= Milan Garašević =

Serbian politician

Milan Garašević (Милан Гарашевић; born 14 April 1982) is a politician in Serbia. He was the mayor of Kovačica from 2016 to 2020 and has served in the Assembly of Vojvodina since 2020. Garašević is a member of the Serbian Progressive Party.

==Private career==
Garašević is an entrepreneur. He lives in Kovačica.

==Politician==
===Municipal politics===
Garašević received the second position on the Progressive Party's electoral list for Kovačica in the 2016 Serbian local elections and was elected when the list won a majority victory with twenty-one out of thirty-nine seats. He was selected as mayor after the election and served in this role for the next four years.
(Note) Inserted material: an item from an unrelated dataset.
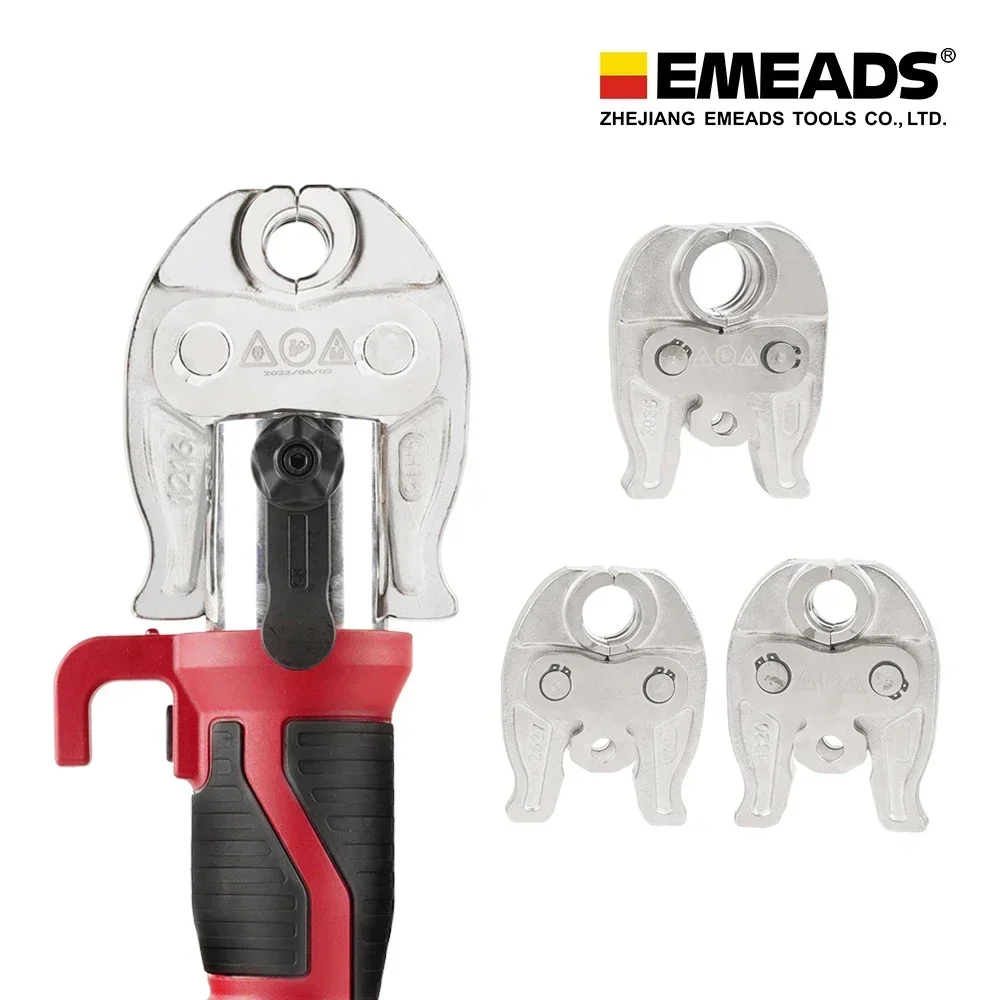 EMEADS GES-1525 PZ-1930  TH26 Portable Hydraulic Pipe Press crimping Tool Mini Tool For Pex&multilayer Pipe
He led the Progressive list in the 2020 local elections and was re-elected when the list won twenty-one of twenty-nine seats in a reduced assembly. He could not continue as mayor after his election to the provincial assembly but was instead chosen as president (i.e., speaker) of the municipal assembly.

===Assembly of Vojvodina===
Garašević was given the twenty-first position on the Progressive Party's list for the Vojvodina assembly in the 2020 provincial election and was elected when the list won a majority victory with seventy-six out of 120 seats. He was chosen as chair of the assembly committee on agriculture in October 2020 and is also a member of the economy committee.